§ **Problem to work on**: Return the full listing unchanged, excluding any images it contains.

§ **Recorded data**:
· · · · · · ·

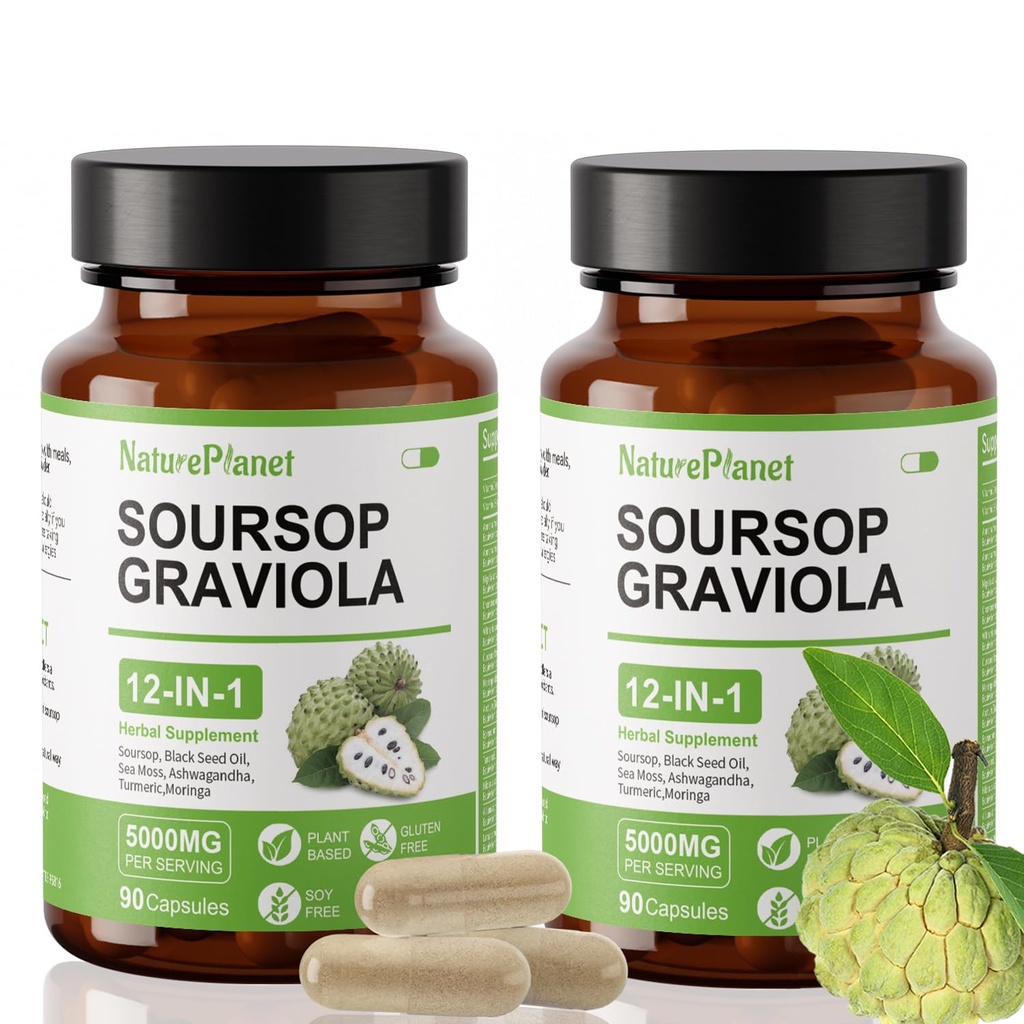 NaturePlanet Soursop Graviola Capsules with Black Seed Oil, Sea Moss, Ashwagandha, Turmeric & Moringa丨12 in 1 Herbal Formula丨Immune Support & Gut health丨Gluten-Free, Non GMO, Vegan (180 Capsules)
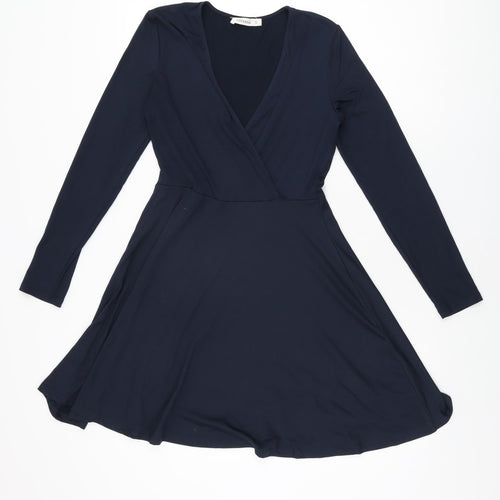 Terranova Womens Blue Polyester Skater Dress Size S V-Neck Pullover
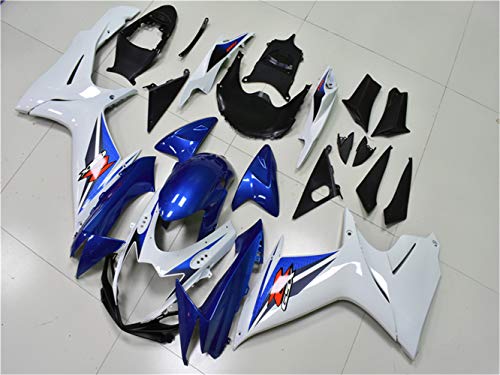 YTL White Blue Full Fairing Fit for Suzuki 2011-2026 GSXR 600/750 - color: 012 White Blue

· · · · · · ·

§ **Answer to this task**:
 NaturePlanet Soursop Graviola Capsules with Black Seed Oil, Sea Moss, Ashwagandha, Turmeric & Moringa丨12 in 1 Herbal Formula丨Immune Support & Gut health丨Gluten-Free, Non GMO, Vegan (180 Capsules)
 Terranova Womens Blue Polyester Skater Dress Size S V-Neck Pullover
 YTL White Blue Full Fairing Fit for Suzuki 2011-2026 GSXR 600/750 - color: 012 White Blue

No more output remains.